2 One or both of them can be found in some measure in the writings, for example, of Isaiah Berlin, Alasdair Maclntyre, Bernard Williams, Charles Taylor. John Gray has recently emphasised this side of Isaiah Berlin's thought (Gray, 1993, 1995). Unfortunately space precludes discussion of these writers, or of Gray's account of the relations between value-pluralism and the politics of liberalism (an interesting issue in its own right). 101

3 I discuss a definition of agent-relativity in Skorupski, 1995. Patientrelativity can be defined along parallel lines.

4 In the paragraphs which follow I draw on a view of morality, practical reason and blame outlined in Skorupski, 1993.

5 A normative proposition deduced from decidable normative premises together with some undecidable factual proposition would of course also be undecidable.

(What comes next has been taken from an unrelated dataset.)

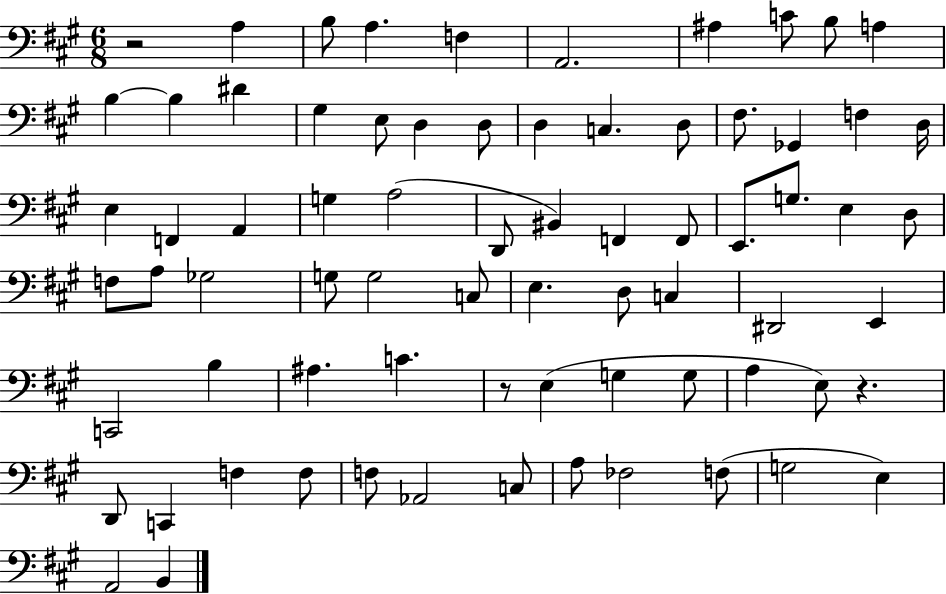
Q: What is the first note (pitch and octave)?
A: A3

By ‘fundamental norm’ I mean ‘normative proposition knowable independently of deduction from any factual proposition’.

6 Thus the thesis that judgement incurs the convergence commitment differs from a view recently argued by Wright (1992, 1996). He holds that a concept of truth as representation or ‘fit’ carries with it the convergence commitment: to judge true in that sense is to incur the commitment. But he holds that the concept of truth applicable to ethical judgements does not involve the notion of representation. The concept of truth which is applicable there, he suggests, allows that a person may, without irrationality, judge that an ethical proposition p is true while also judging that convergence of fault-free thinkers (thinkers who suffer from no ‘cognitive shortcoming’) cannot be expected to occur on that judgement. I agree that ethical truth involves no notion of ‘fit’ to a domain of reality. But if what has been said here is right that is irrelevant. No notion of truth allows a person to judge a proposition true without incurring the convergence commitment, because the convergence commitment arises quite generally from the rationality of judgement rather than any particular notion of truth.